West Texas Intermediate (CL=F) futures fell as much as 5% but regained most of those losses to close the session down almost 1% at $77.10 per barrel, Brent (BZ=F) crude, the international benchmark price, ended the session fractionally lower at $81.96.
The announced delay could be a sign that member countries are not in sync about their next steps.
"I think this means they are having a hard time getting everyone to buy in to the notion of more cuts across the board," Stewart Glickman, energy equity analyst at CFRA Research, told Yahoo Finance on Wednesday regarding the delay.
Saudi Arabia, which has unilateral reductions in place of one million barrels per day through year-end, is reportedly pressuring smaller OPEC+ members to take a bigger part in reductions.
"The dissension among the members of OPEC+ is there. And that dissension stems from...some of the members not wanting to continue cuts because they want to get some of their market share back," Scott Bauer, CEO of Prosper Trading Academy told Yahoo Finance.
"The market is looking at that — saying you know what maybe there are members here who want to pull back on those cuts," he added.
This year's cuts are aimed at constraining global supply and keeping a floor under oil prices, which are down about 20% from the average price that prevailed in 2022.

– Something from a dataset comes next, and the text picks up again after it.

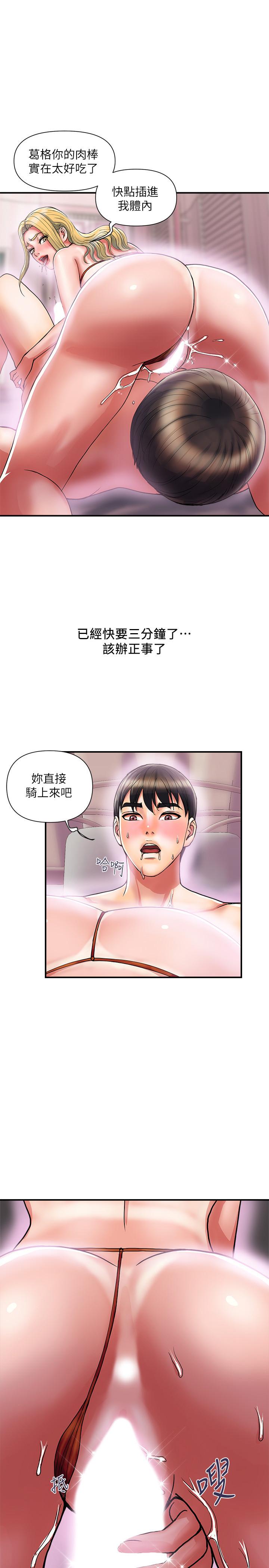 第14话-葛格，我有多赞？ - 第1.jpg页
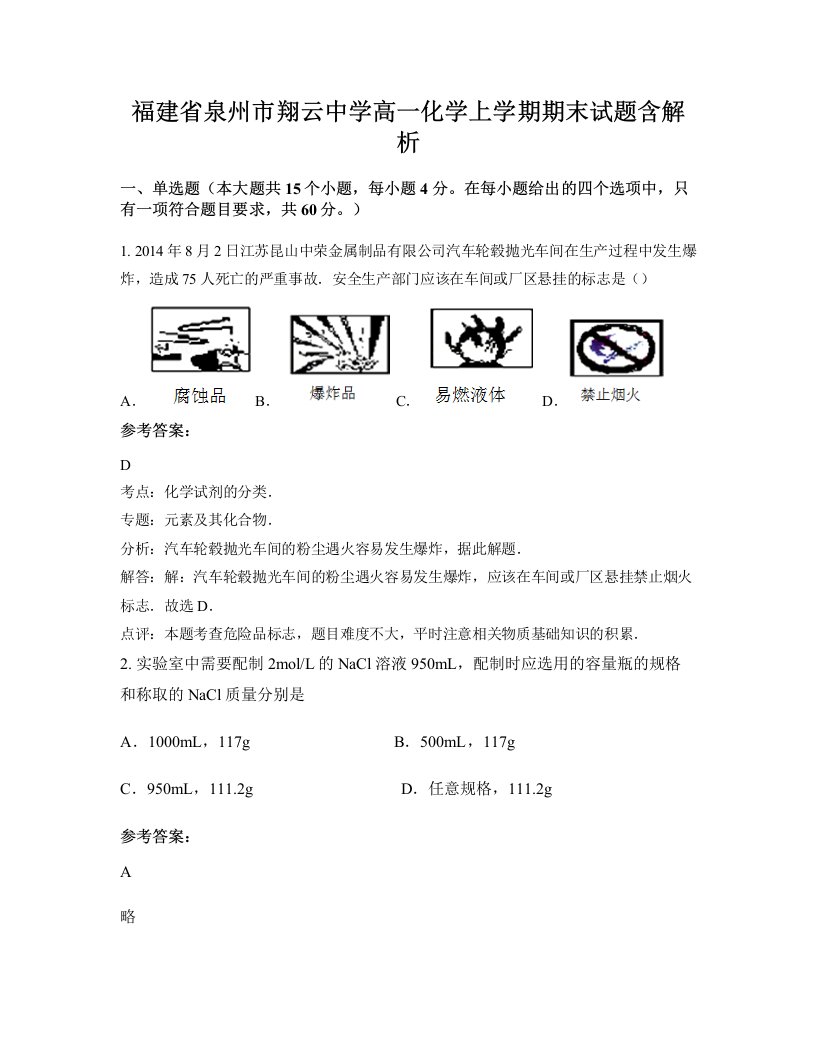 福建省泉州市翔云中学高一化学上学期期末试题含解析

"We see some scope for the group to do a deeper reduction, but we would anticipate that Saudi Arabia would seek additional barrels from other members to share the burden of the adjustment," wrote Helima Croft, head of global commodity strategy at RBC Capital, in a note this week.
Market fundamentals may also be contributing to uncertainty among OPEC+ members after a bearish oil market outlook was presented to the group this week. The materials from a top financial dealer reviewed by Reuters show November's recent sell-off was prompted by downbeat sentiment from oil producers and airlines.
"Raising the price in the face of softening demand could knock down demand further, resulting [in] lower prices regardless," noted the University of Houston's Hirs.
On Wednesday, government data showed US inventories rose by 8.7 million barrels last week to their highest level since July 21.
A "rollover of cuts and voluntary cuts will send the market south, for the current level of supply clamp is not enough to persuade the market that it is 'tight,'" PVM oil broker John Evans said in a recent note. Wednesday's price reaction signaled skepticism that deeper cuts to output will materialize in 2024.
Crude oil prices are down roughly 18% from 2023 highs reached in late September amid concerns of slowing demand and increasing supply.
On Tuesday, US senior adviser for energy Amos Hochstein told Yahoo Finance the Biden administration has been in "close touch" with oil producers, both in the US and abroad, including the Middle East.
"We understand their concerns," Hochstein said, "but I think that increasingly they understand that high oil prices are bad for American and global consumers. It's bad for economic growth, and ultimately it's bad for them as well."